Python 3.5+, Django 2.1+ and Redis 4.0+.

Installation

Using pip:

$ pip install django-cacheops

# Or from github directly
$ pip install git+https://github.com/Suor/django-cacheops.git@master

Setup

Add cacheops to your INSTALLED_APPS.

Setup redis connection and enable caching for desired models:

CACHEOPS_REDIS = {
    'host': 'localhost', # redis-server is on same machine
    'port': 6379,        # default redis port
    'db': 1,             # SELECT non-default redis database
                         # using separate redis db or redis instance
                         # is highly recommended

    'socket_timeout': 3,   # connection timeout in seconds, optional
    'password': '...',     # optional
    'unix_socket_path': '' # replaces host and port
}

# Alternatively the redis connection can be defined using a URL:
CACHEOPS_REDIS = "redis://localhost:6379/1"
# or
CACHEOPS_REDIS = "unix://path/to/socket?db=1"
# or with password (note a colon)
CACHEOPS_REDIS = "redis://:password@localhost:6379/1"

# If you want to use sentinel, specify this variable
CACHEOPS_SENTINEL = {
    'locations': [('localhost', 26379)], # sentinel locations, required
    'service_name': 'mymaster',          # sentinel service name, required
    'socket_timeout': 0.1,               # connection timeout in seconds, optional
    'db': 0                              # redis database, default: 0
    ...                                  # everything else is passed to Sentinel()
}

# To use your own redis client class,
# should be compatible or subclass cacheops.redis.CacheopsRedis
CACHEOPS_CLIENT_CLASS = 'your.redis.ClientClass'

CACHEOPS = {
    # Automatically cache any User.objects.get() calls for 15 minutes
    # This also includes .first() and .last() calls,
    # as well as request.user or post.author access,
    # where Post.author is a foreign key to auth.User
    'auth.user': {'ops': 'get', 'timeout': 60*15},

    # Automatically cache all gets and queryset fetches
    # to other django.contrib.auth models for an hour
    'auth.*': {'ops': {'fetch', 'get'}, 'timeout': 60*60},

    # Cache all queries to Permission
    # 'all' is an alias for {'get', 'fetch', 'count', 'aggregate', 'exists'}
    'auth.permission': {'ops': 'all', 'timeout': 60*60},

    # Enable manual caching on all other models with default timeout of an hour
    # Use Post.objects.cache().get(...)
    #  or Tags.objects.filter(...).order_by(...).cache()
    # to cache particular ORM request.
    # Invalidation is still automatic
    '*.*': {'ops': (), 'timeout': 60*60},

    # And since ops is empty by default you can rewrite last line as:
    '*.*': {'timeout': 60*60},

    # NOTE: binding signals has its overhead, like preventing fast mass deletes,
    #       you might want to only register whatever you cache and dependencies.

    # Finally you can explicitely forbid even manual caching with:
    'some_app.*': None,
}

You can configure default profile setting with CACHEOPS_DEFAULTS. This way you can rewrite the config above:

CACHEOPS_DEFAULTS = {
    'timeout': 60*60
}
CACHEOPS = {
    'auth.user': {'ops': 'get', 'timeout': 60*15},
    'auth.*': {'ops': ('fetch', 'get')},
    'auth.permission': {'ops': 'all'},
    '*.*': {},
}

Using '*.*' with non-empty ops is not recommended since it will easily cache something you don't intent to or even know about like migrations tables.
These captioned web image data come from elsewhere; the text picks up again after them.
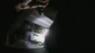 Body camera footage shows Columbus officer fatally shoot unarmed Black man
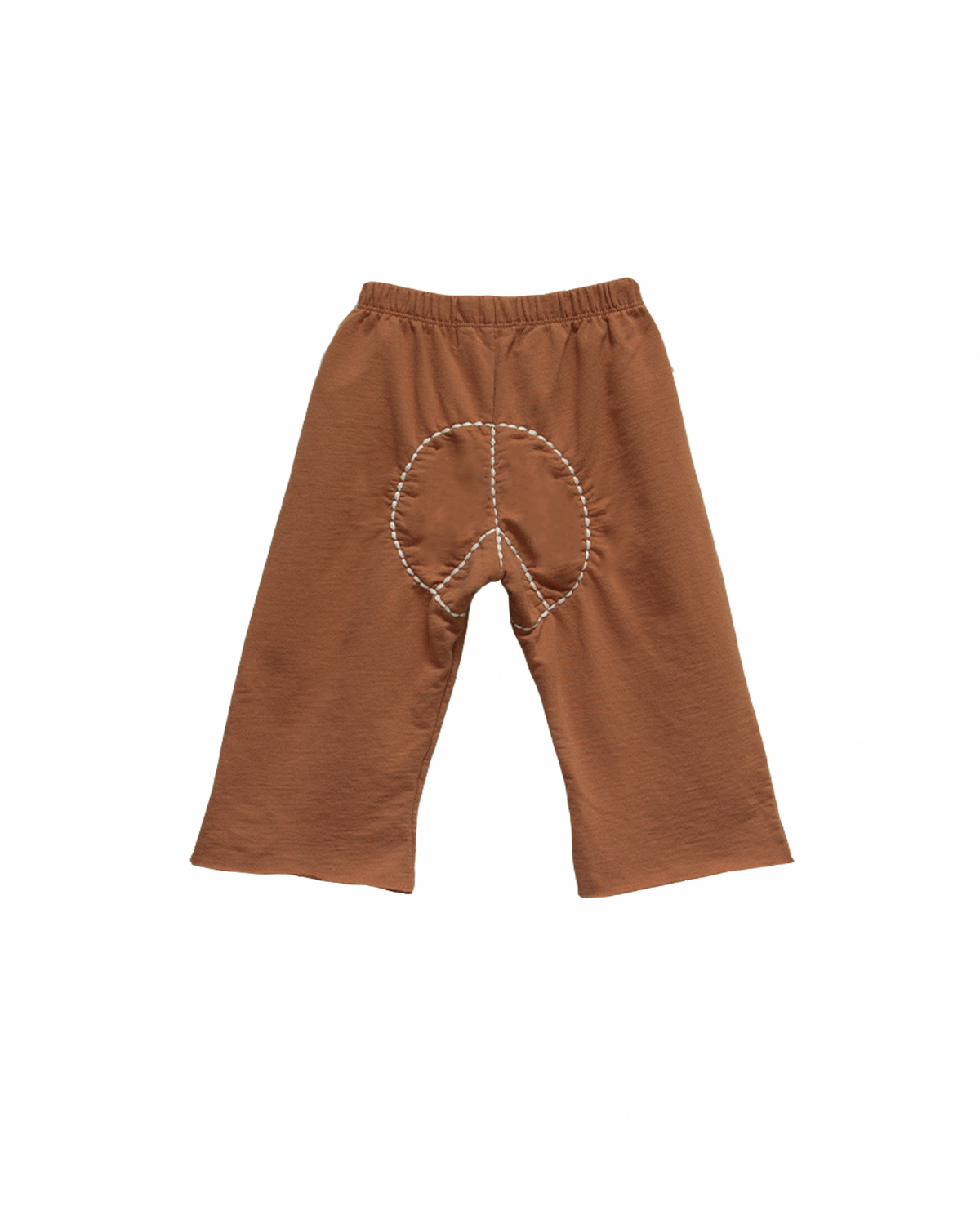 Peace Pant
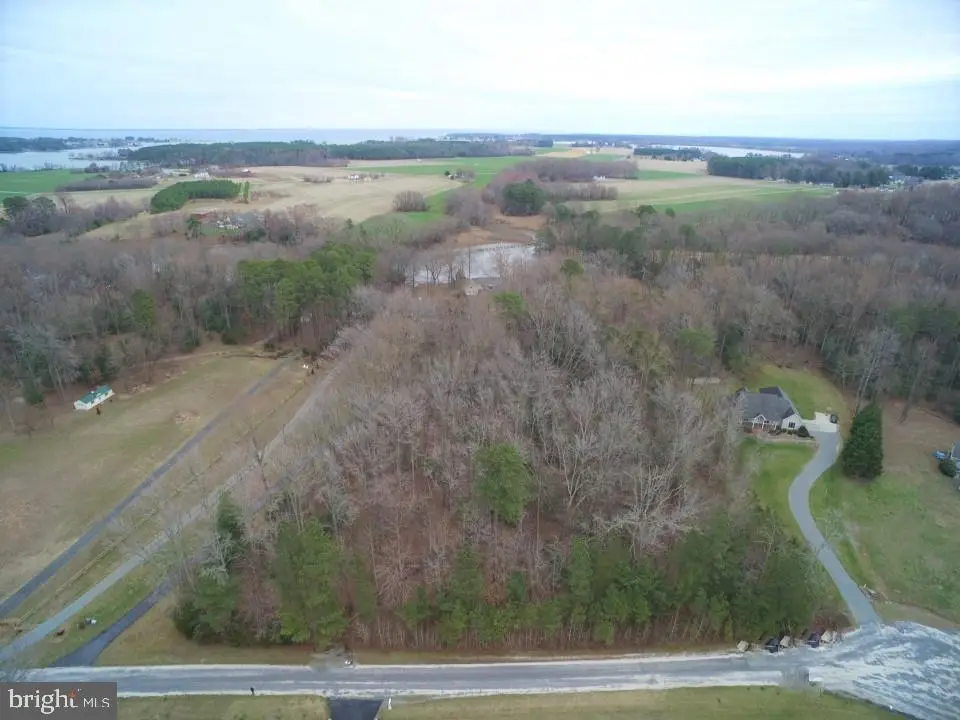 Lot 57 Holly Ct, Lottsburg, VA 22511 - Image #1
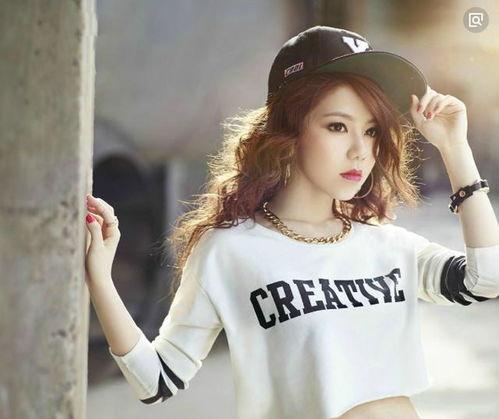 外公爆料邓紫棋视频大全,邓紫棋视频大全背后的故事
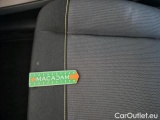  Citroen  C3 1.2 PURETECH 110 S&S SHINE BUSINESS #37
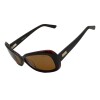 DIOXY DXE107 BROWN 5118 C Marrón U - Adulto - Marrón marrónuniforme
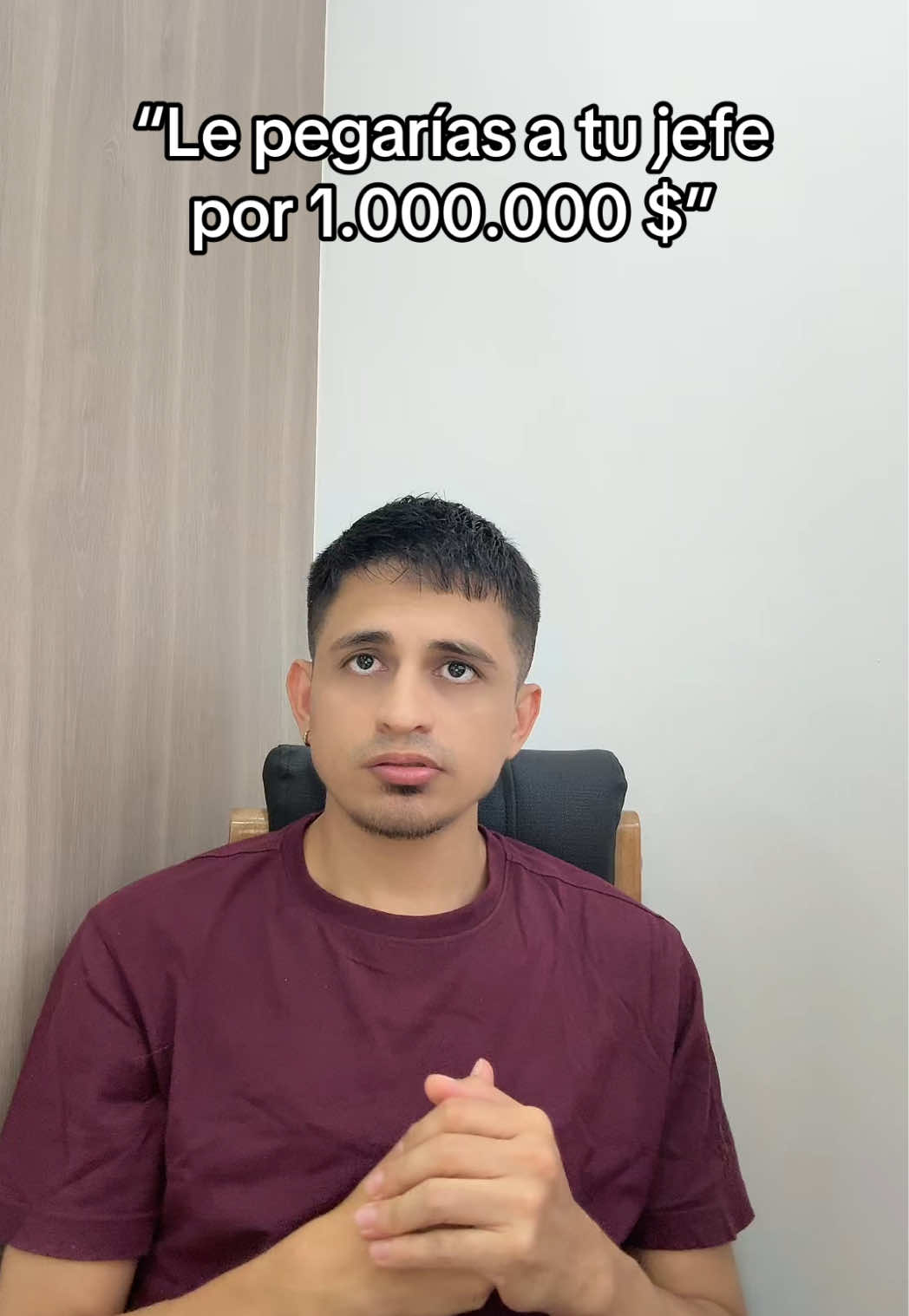 @JefersonG&oacute;mez 🍀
The better approach will be restricting by app with 'app_name.*'.

Besides ops and timeout options you can also use:

local_get: True
To cache simple gets for this model in process local memory. This is very fast, but is not invalidated in any way until process is restarted. Still could be useful for extremely rarely changed things.
cache_on_save=True | 'field_name'
To write an instance to cache upon save. Cached instance will be retrieved on .get(field_name=...) request. Setting to True causes caching by primary key.
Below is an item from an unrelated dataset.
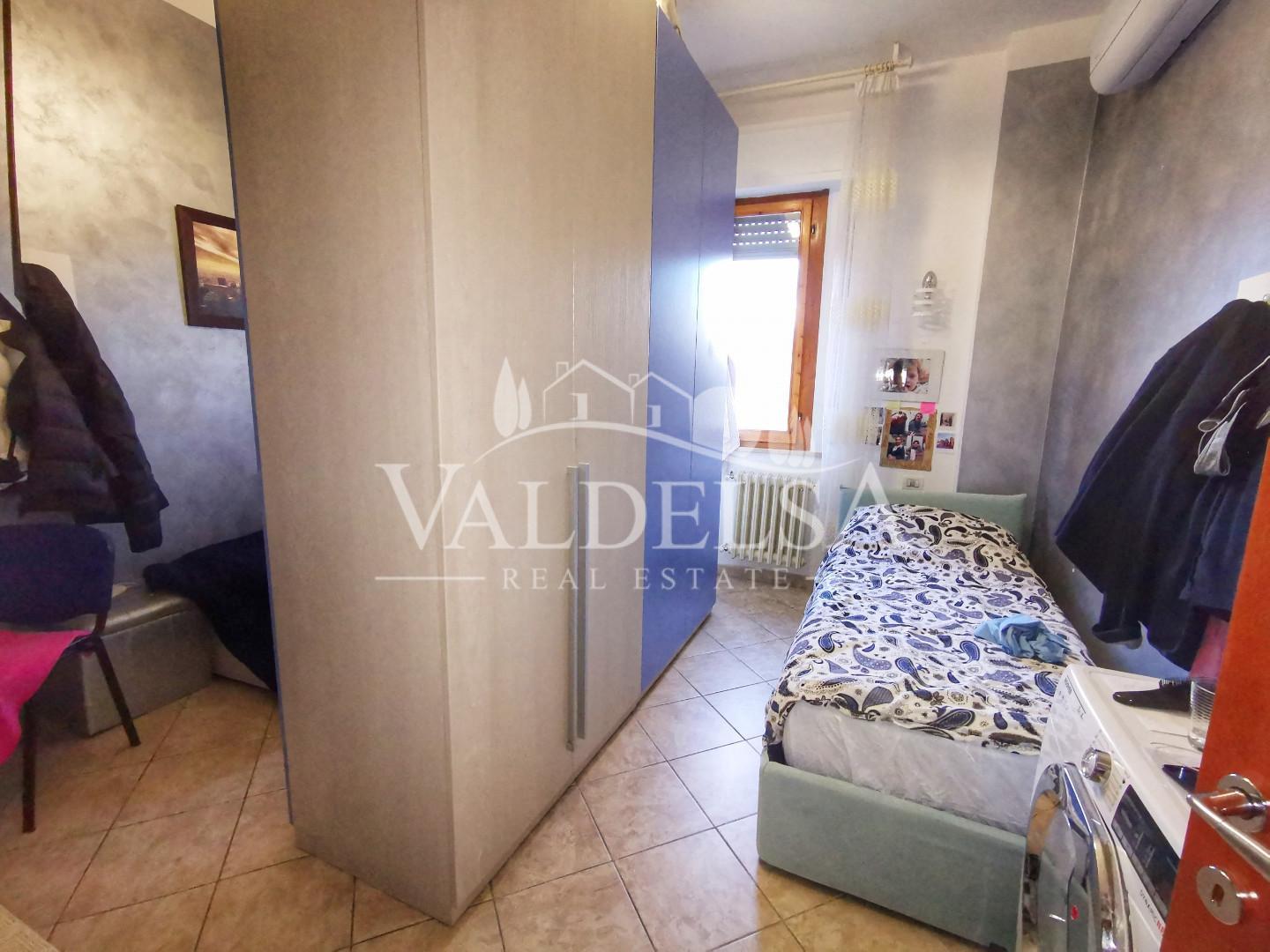 Apartment for sale, ref. 711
Additionally, you can tell cacheops to degrade gracefully on redis fail with:

CACHEOPS_DEGRADE_ON_FAILURE = True

There is also a possibility to make all cacheops methods and decorators no-op, e.g. for testing:

from django.test import override_settings

@override_settings(CACHEOPS_ENABLED=False)
def test_something():
    # ...
    assert cond

Usage

Automatic caching

It's automatic you just need to set it up.

Manual caching

You can force any queryset to use cache by calling its .cache() method:

Article.objects.filter(tag=2).cache()

Here you can specify which ops should be cached for the queryset, for example, this code:

qs = Article.objects.filter(tag=2).cache(ops=['count'])
paginator = Paginator(objects, ipp)
articles = list(pager.page(page_num)) # hits database

will cache count call in Paginator but not later articles fetch. There are five possible actions - get, fetch, count, aggregate and exists. You can pass any subset of this ops to .cache() method even empty - to turn off caching. There is, however, a shortcut for the latter:

qs = Article.objects.filter(visible=True).nocache()
qs1 = qs.filter(tag=2)       # hits database
qs2 = qs.filter(category=3)  # hits it once more

It is useful when you want to disable automatic caching on particular queryset.
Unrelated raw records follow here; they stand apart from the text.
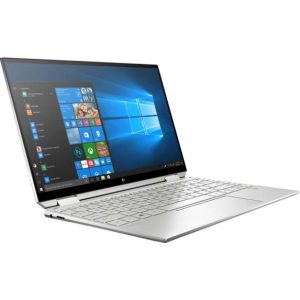 HP X360 LAPTOP (6426502)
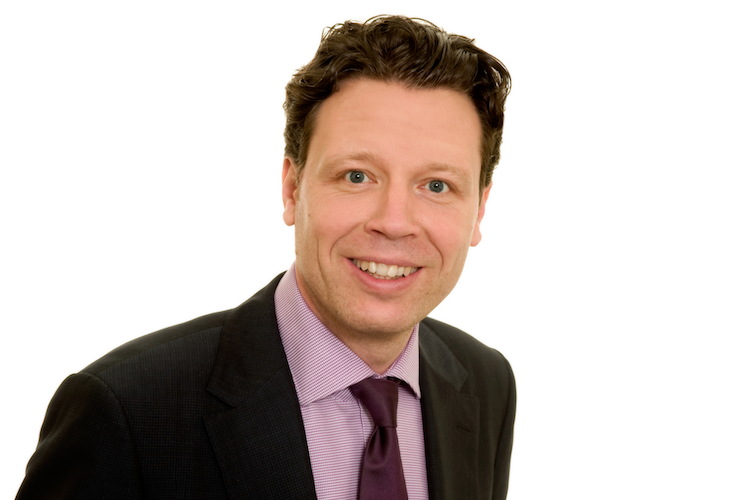 Sievers, Markus - Apano _750
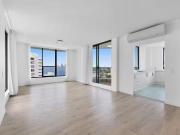 1104/41 Labrador Street, Labrador, QLD 4215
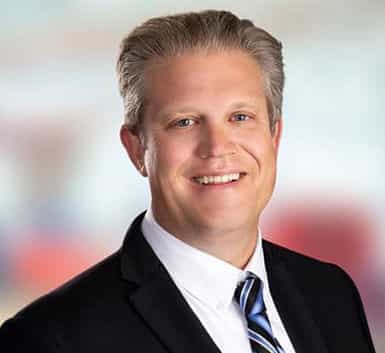 Peter Havas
You can also override default timeout for particular queryset with .cache(timeout=...).

Function caching

You can cache and invalidate result of a function the same way as a queryset. Cached results of the next function will be invalidated on any Article change, addition or deletion:

from cacheops import cached_as

@cached_as(Article, timeout=120)
def article_stats():
    return {
        'tags': list(Article.objects.values('tag').annotate(Count('id')))
        'categories': list(Article.objects.values('category').annotate(Count('id')))
    }

Note that we are using list on both querysets here, it's because we don't want to cache queryset objects but their results.

Also note that if you want to filter queryset based on arguments, e.g. to make invalidation more granular, you can use a local function:

def articles_block(category, count=5):
    qs = Article.objects.filter(category=category)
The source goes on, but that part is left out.